Август Ферр вообще многовато условий ставил для суконщика. Даже для такого суконщика, который мог не моргнув глазом выложить десять тысяч наличными. Ещё и посетовал, что господин барон ему не доверяет, а он-то этими деньгами распорядился бы куда умнее и выгоднее для барона же. Тот же контракт с гильдией наёмников мог бы заключить на гораздо лучших условиях. Но уговор есть уговор, а договор — вот он, читайте, сир. Что не нравится, говорите: обсудим, пока не подписали. Ламберт честно попытался читать, но на второй строчке почувствовал, как мозги у него потихоньку закипают, а на пятой — что он вообще уже перестал что-то понимать.
— Вот это, — сказал он, ткнув в какой-то там подпункт какой-то там части. — «Дети от предыдущего брака остаются в семье отца…» Их отец же был консортом вашей дочери?
— Да, — охотно кивнул Ферр. — И как действующему главе семьи, все права на этих детей до их совершеннолетия принадлежат мне.
— Вы полагаете, кому-то так нужны чужие дети?
— Сами дети — вряд ли, — будущий тесть жёстко усмехнулся. — Но Тео — единственный наследник моего дела. Вы думаете, я хочу отдавать его отчиму право распоряжаться до совершеннолетия Теодора моим имуществом? Я уже выкупил у Ночной Семьи четыре контракта на нас с Еленой, но вдруг кто-то предложит условия выгоднее, чем мои «плюс пятьдесят процентов»? Я не о вас говорю, — махнул он рукой онемевшему от негодования Ламберту. — Я многим мешаю. Но по этому договору, — он постучал карандашом по гладкой и белой, чересчур дорогой для черновика бумаге, — регентом будет Елена, которую я с шести лет натаскивал на руководство семейным предприятием, а не вы, кого учили воевать.
— Но вы же ей отказываете в праве владеть хоть каким-то имуществом? Или я что-то не так понял?
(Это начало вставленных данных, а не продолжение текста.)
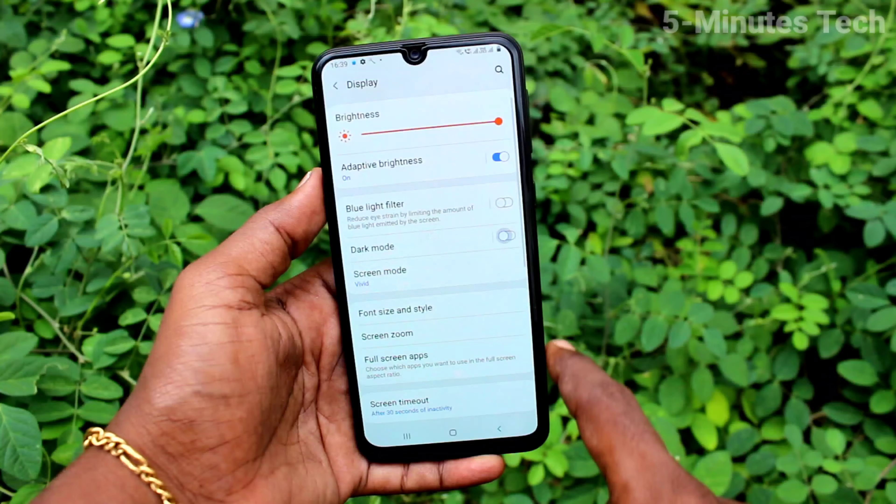You can schedule from sunset to sunrise, or you can set a custom schedule. You can set a start time and end time, and dark mode will be applied between those times. If you click Turn On Now, dark mode will be applied immediately to your phone screen.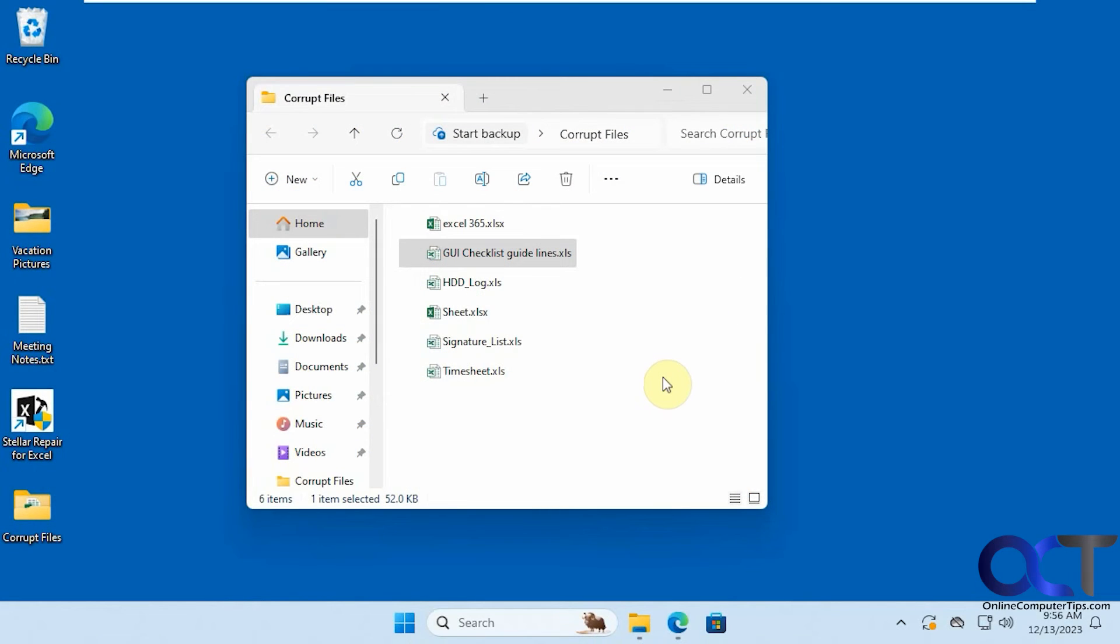Hi, in this video we're going to show you a tool you could use to repair corrupted Microsoft Excel files.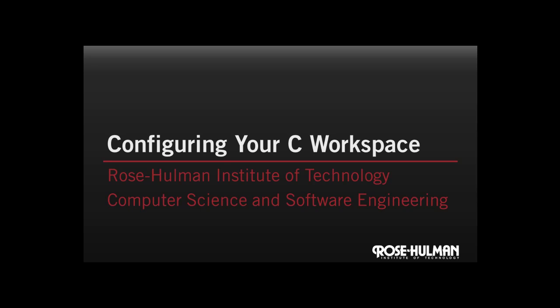So, that was our first video on configuring your C workspace. Until next time, I'm Kurt. And I'm Matt. Catch you later.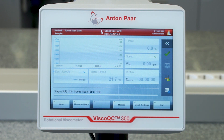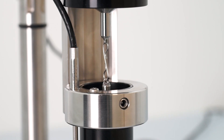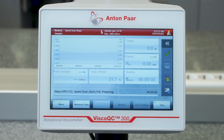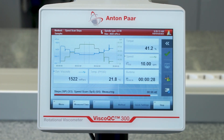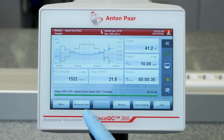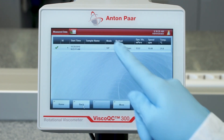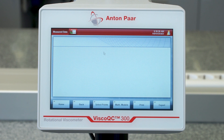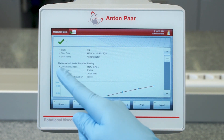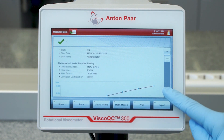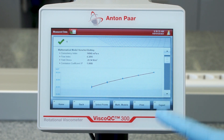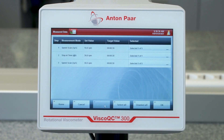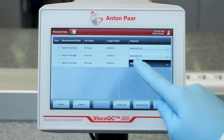Tap Start to begin with your step program. As soon as your measurement is finished, all data can be found in the data memory. In this case, as a vane spindle is used for measurement, the yield point according to Herschel-Bulkley has been determined. You can even select only a certain step or certain points and perform the measurement data analysis afterwards.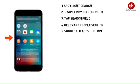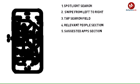The Suggested Apps section displays suggested apps that are triggered by your routines and what you're most likely to use. For example, if you always read the news in the morning, your news app shows up in the search screen at the time you normally wake up.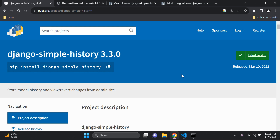Hi everyone and welcome to my next video tutorial which is going to be focused on storing our model history and also being able to view or revert changes via the Django admin site. In order to achieve this goal we're going to utilize the Django simple history package.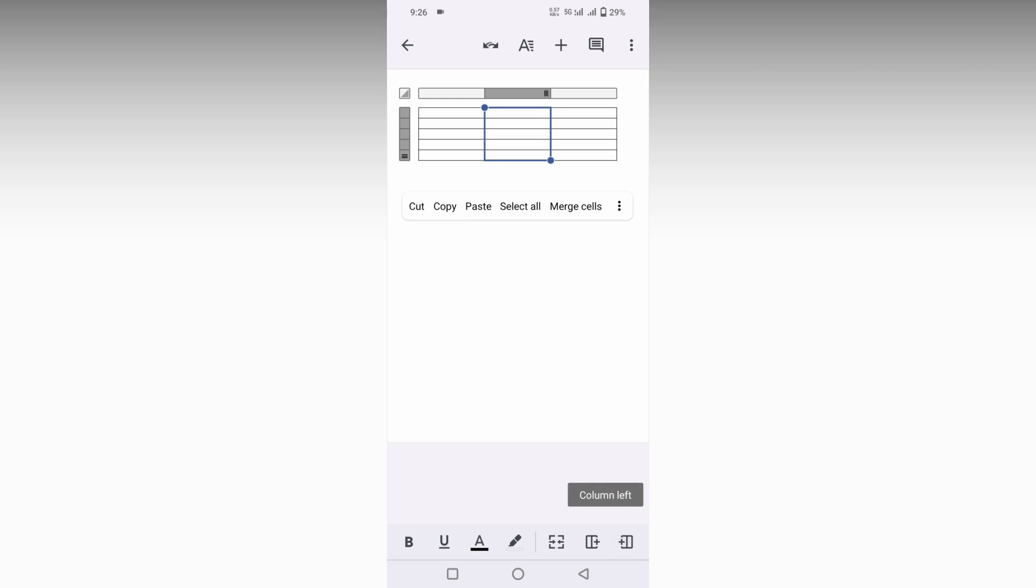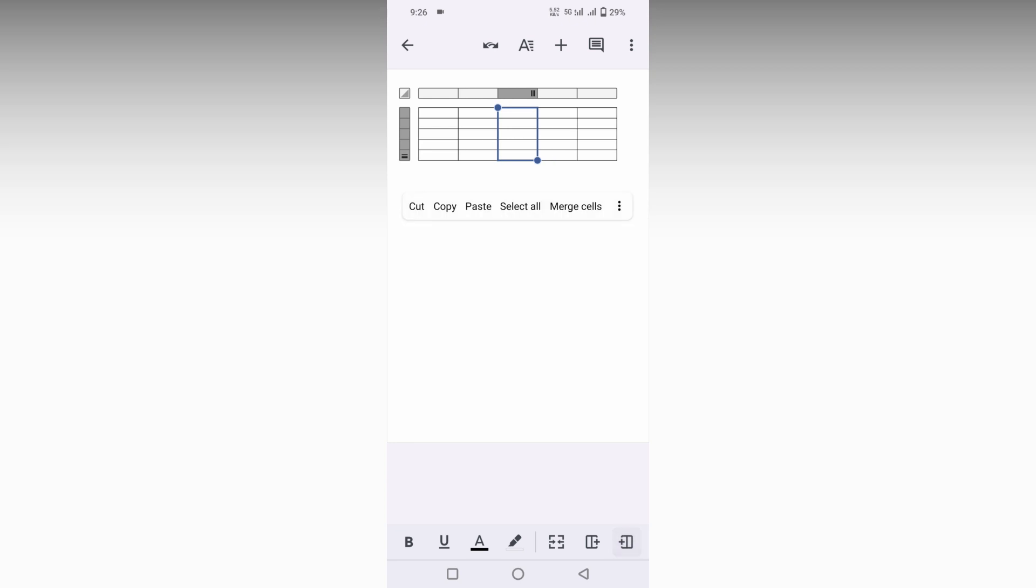So just click this which will add the column on the right side, and this will add the column on the left side. This is how you add columns on your Google Docs mobile on the table.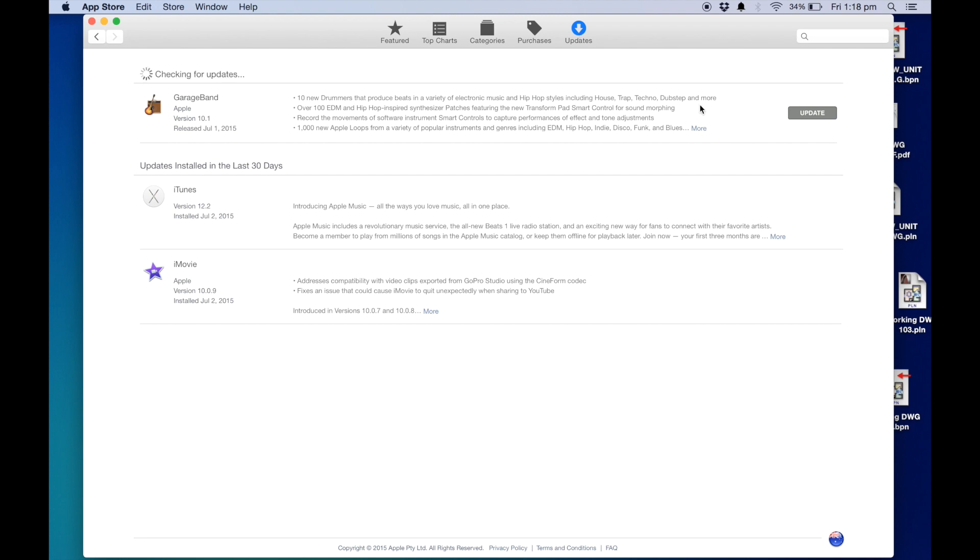And then it will give you a list of updates. So it has a list of updates I've installed in the last 30 days, but if there was one, it's always recommended to update and again just to check if that is likely to help your problem at all.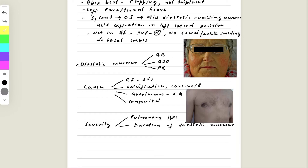A favourite question is whether the mitral stenosis is severe. If the patient has signs of pulmonary hypertension — loud P2, parasternal heave, or signs of right heart failure — you can say the mitral stenosis is severe. Another important point is the duration of the diastolic murmur: a longer duration indicates more severe mitral stenosis.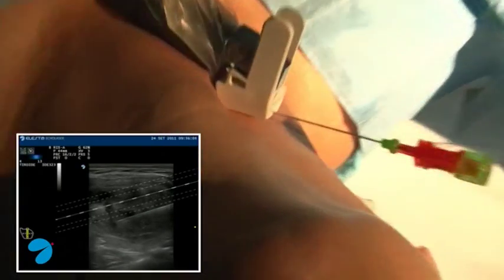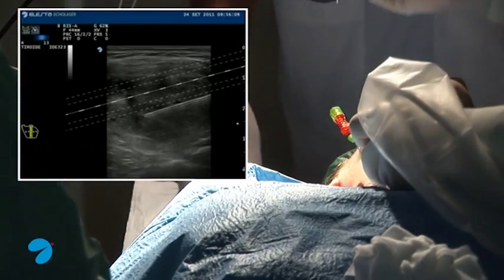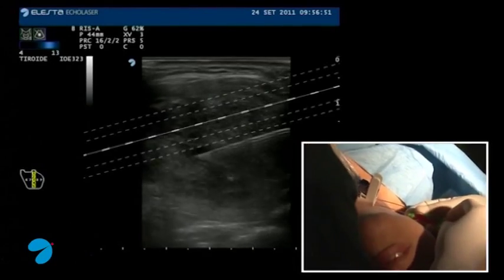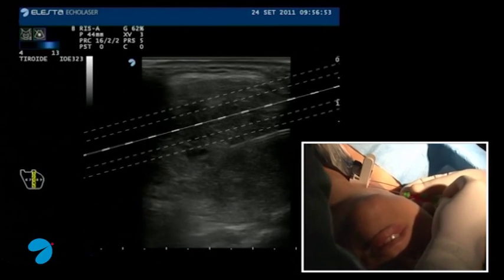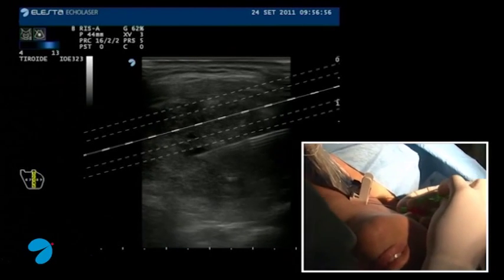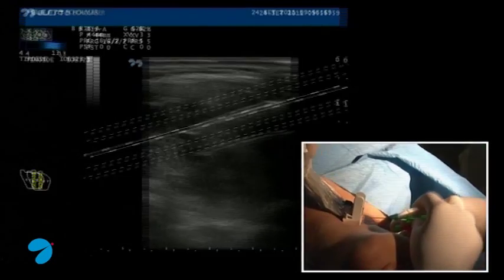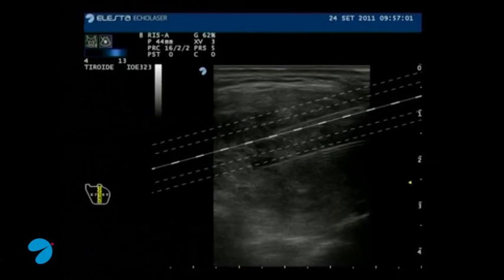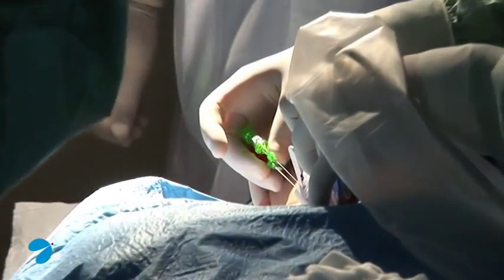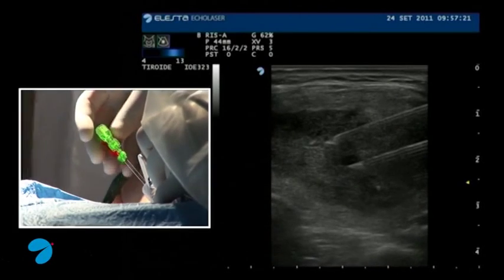We can see the insertion of the first needle following the last line of the guide system, and the insertion of the second needle following the third line of the same guide. We have the possibility to use five guidelines. It is important to place needles at an appropriate distance from vital structures like the trachea and vessels.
— Всё так, сир Ламберт. Простите за откровенность, не хочу вводить вашу семью в искушение, поэтому ничего своего у моей дочери не будет вообще, вплоть до панталон. Я слышал несколько очень некрасивых историй о состоятельных простолюдинках и небогатых дворянах. Своей дочери я такого не желаю.
— Зачем же вы вообще отдаёте её за человека, которому не доверяете?